Available data:
- - -

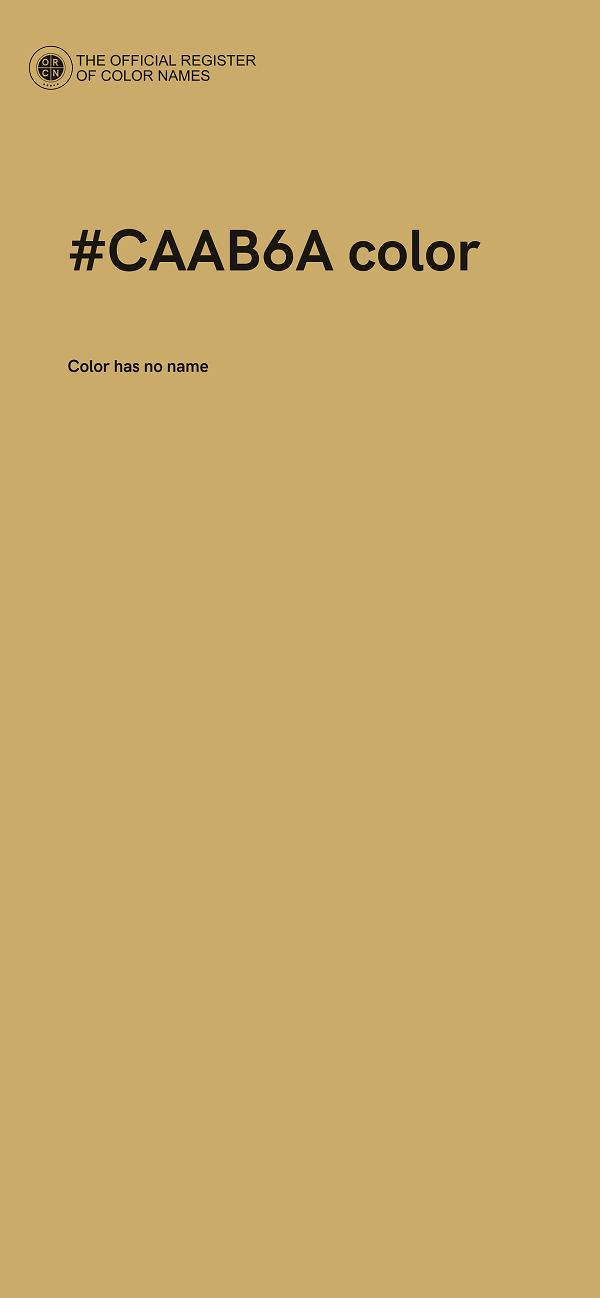 #CAAB6A color image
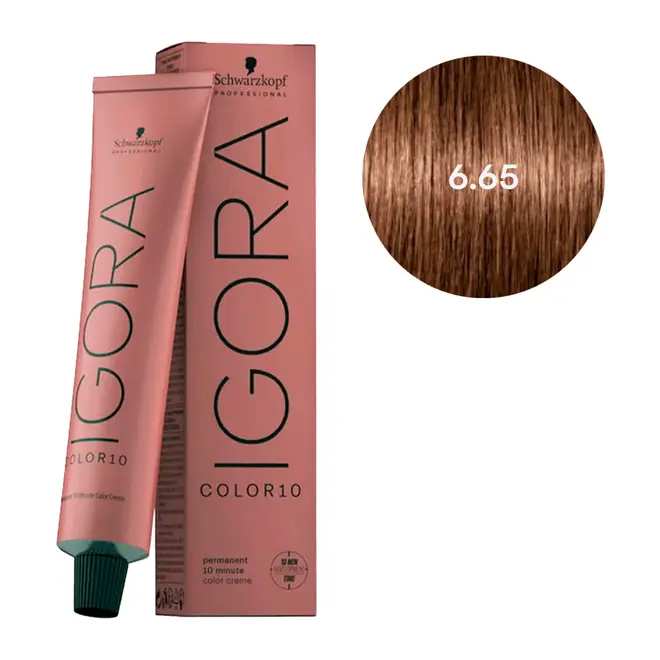 Coloração Permanente Igora Royal Color10 6.65 Louro Escuro Marrom Dourado 60ml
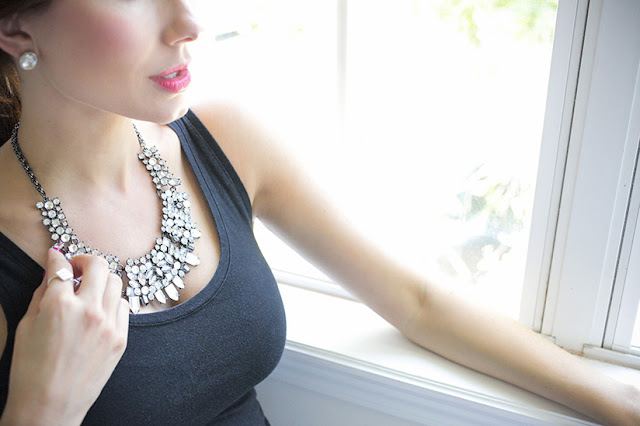 Pregnant Amy West models statement pieces from RocksBox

- - -

Exercise:
In transcribing the lines above, omit the images and keep all else exact.

Response:
 #CAAB6A color image
 Coloração Permanente Igora Royal Color10 6.65 Louro Escuro Marrom Dourado 60ml
 Pregnant Amy West models statement pieces from RocksBox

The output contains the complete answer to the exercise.